Forse, ma forse, mi è tornata la voglia di postare. FaceBook ha sostituito per un lungo periodo il luogo dove mostrare alcuni selezionati cavoli miei, ma attualmente è un posto talmente impestato di scientisti, pro-vaccinisti, fautori della sicurezza a forza, della medicina istituzionale sacralizzata e del giusto granitico, che mi è venuta voglia di tornare al mio diario libero e bello e cazzeggiare qua, in un soliloquio al mondo per me più piacevole rispetto ai battibecchi sterili che mi tocca subire (anche se io non partecipo) a causa di "amici" vogliosi di avere ragione a tutti i costi.
Qua si sta bene, avrò perso i tre follower che avevo ma non importa: non sapere chi c'è dall'altra parte dello schermo è meglio che dover capire che il tal amico che stimavi tanto è un coglione rifinito!
mokuhanga_Awaji and me

LALLAZIONE (ovvero i miei progressi artistici regressivi)


Dall'ultimo post sono passati tre anni e, ovviamente, nel frattempo di cose ne sono accadute parecchie (per dire, ho comprato casa e ho compiuto 50 anni), soprattutto sul fronte artistico.
Siccome non ho voglia di fare lunghe ricapitolazioni, parto ex abrupto e ex novo con quel che sto facendo adesso.

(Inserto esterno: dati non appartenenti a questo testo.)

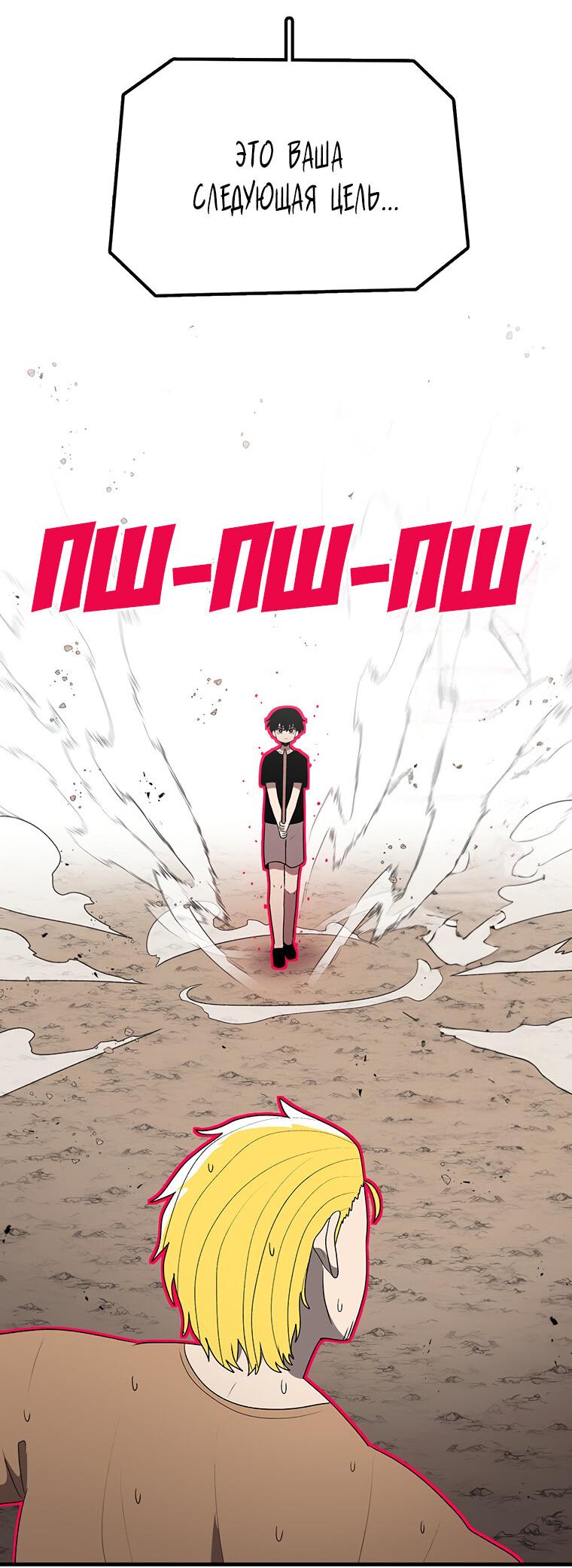 Манга Осколок времени - Глава 185 Страница 56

Questo qui sopra è uno dei nuovi lavori a cui mi sto applicando: segni liberi, scolamenti coloristici, graffiature a matita. Ho iniziato a farli per caso, in un momento di fatica comunicativa con gli studenti a cui insegno Latino, quando mi sono accorta che i discorsi rifiniti, le frasi corrette, i concetti esplicati possono non avere nessun significato anche se sono strutturati sintatticamente e fonati correttamente se chi li dovrebbe ricevere non si presta alla ricezione. Allora mi sono detta: ma perché devo sbattermi a cercare la perfezione espressiva, se poi vengono percepite macchie concettuali, brani e pezzetti, spizzichi e bocconi? E poi: se questo meccanismo di miscomunicazione si verifica nel linguaggio verbale, perché non potrebbe essere applicato a quello visivo?
Ecco qui la conseguenza: per ora basta linee chiuse, significati rotondi, tutto detto e tutto dato. No: la cucina offre segnali, gesti, fiammate; chi guarda capirà comunque un messaggio suo, non ne servirò ulteriormente uno mio preciso e limato.
Si sente che allo scoccare dei 50 mi è scattata l'anarchia?